**RECORDS SHOWN:**

* * *

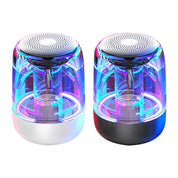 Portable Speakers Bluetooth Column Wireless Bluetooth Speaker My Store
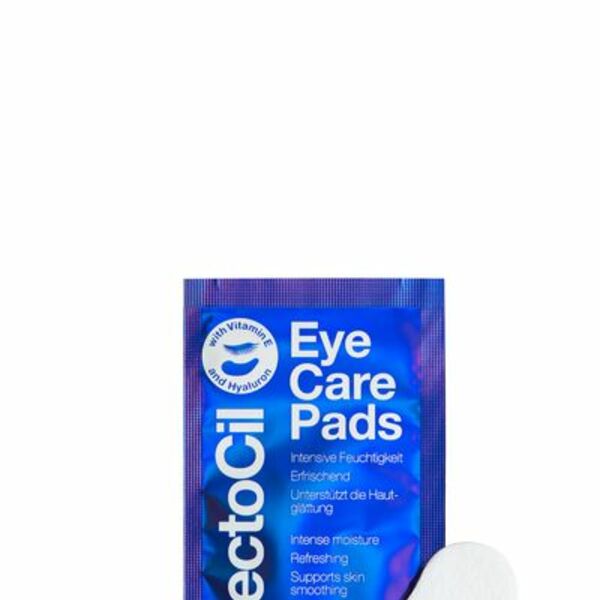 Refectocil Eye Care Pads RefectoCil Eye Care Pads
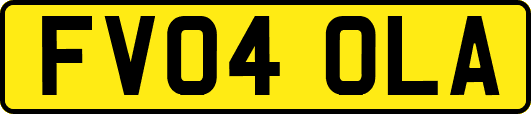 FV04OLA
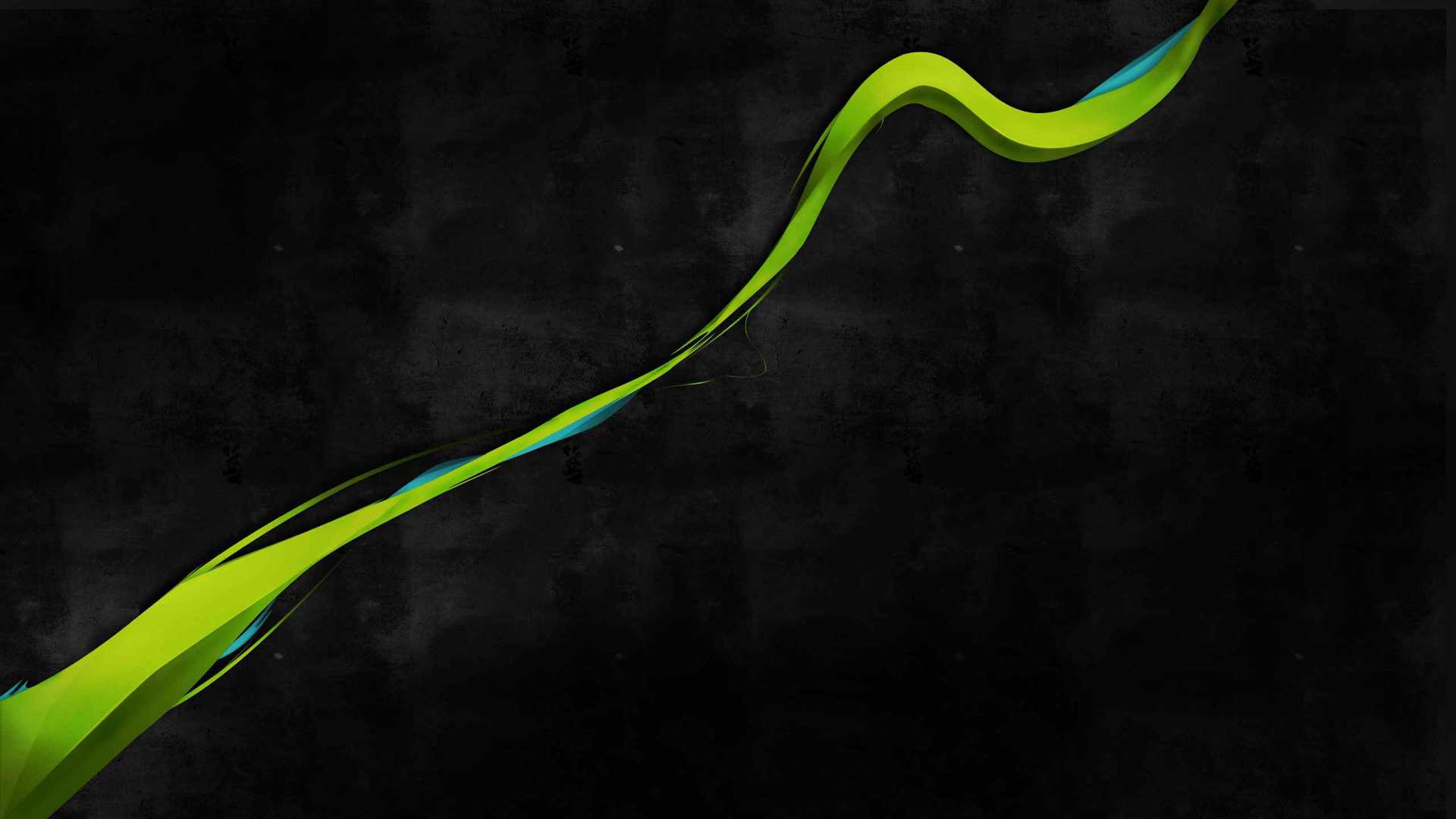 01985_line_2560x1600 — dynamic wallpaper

* * *

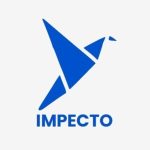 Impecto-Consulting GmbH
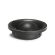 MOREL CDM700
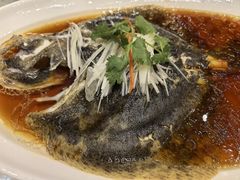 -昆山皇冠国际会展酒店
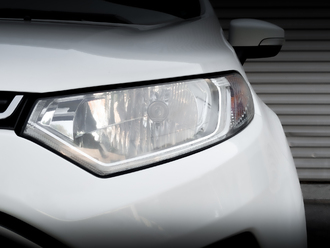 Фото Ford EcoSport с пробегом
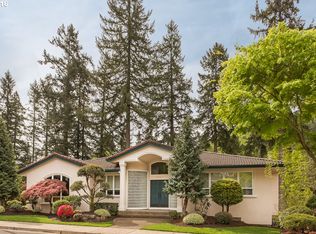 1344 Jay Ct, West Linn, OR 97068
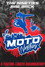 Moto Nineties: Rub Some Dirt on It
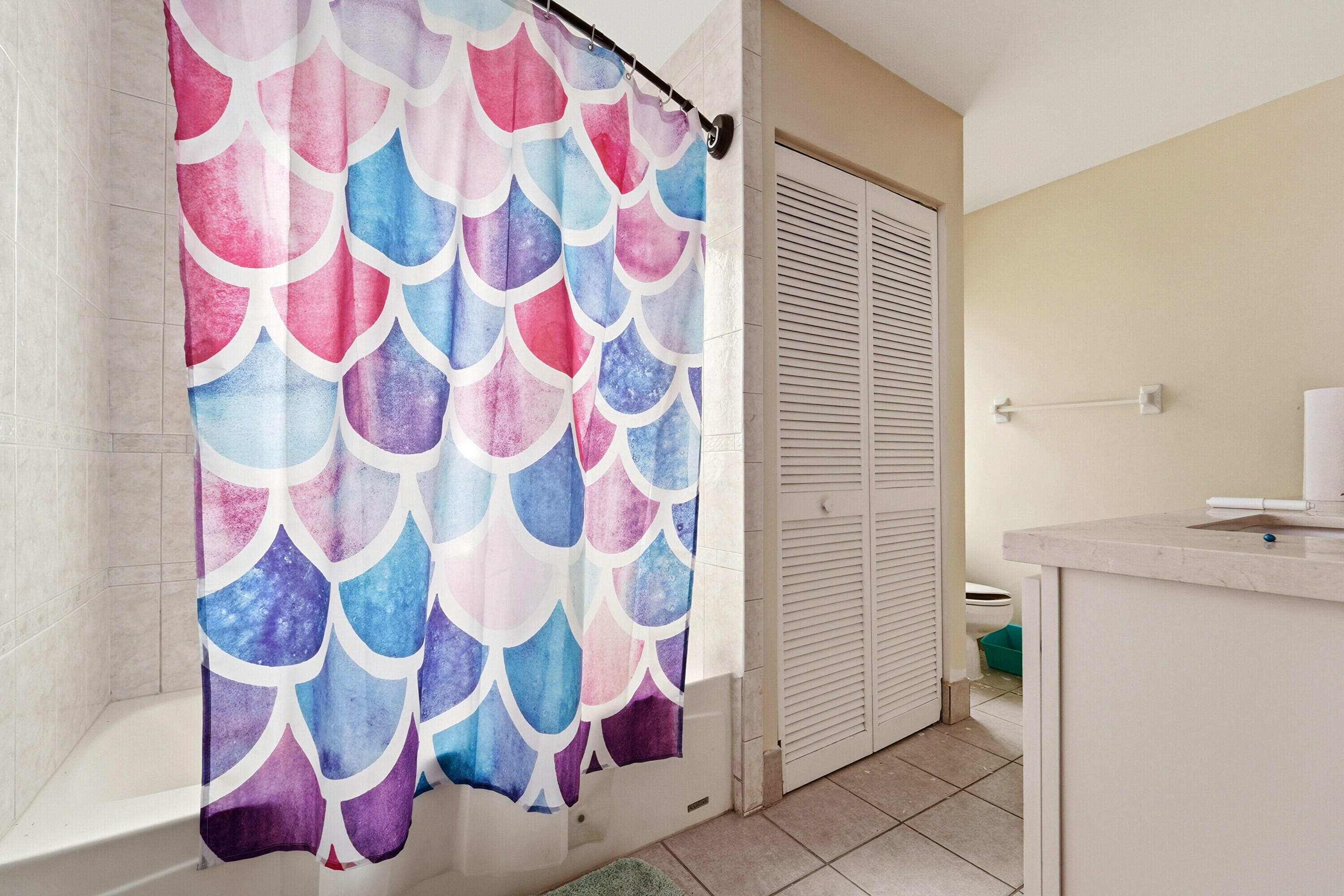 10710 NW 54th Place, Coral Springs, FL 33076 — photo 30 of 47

* * *

**WHAT YOU HAVE TO DO:** The copy should hold only the lines from the one with "Portable Speakers Bluetooth" through the one with "01985_line_2560x1600 — dynamic wallpaper", exactly as they stand above. Leave out the pictures.

**WRITTEN RESPONSE:**
 Portable Speakers Bluetooth Column Wireless Bluetooth Speaker My Store
 Refectocil Eye Care Pads RefectoCil Eye Care Pads
 FV04OLA
 01985_line_2560x1600 — dynamic wallpaper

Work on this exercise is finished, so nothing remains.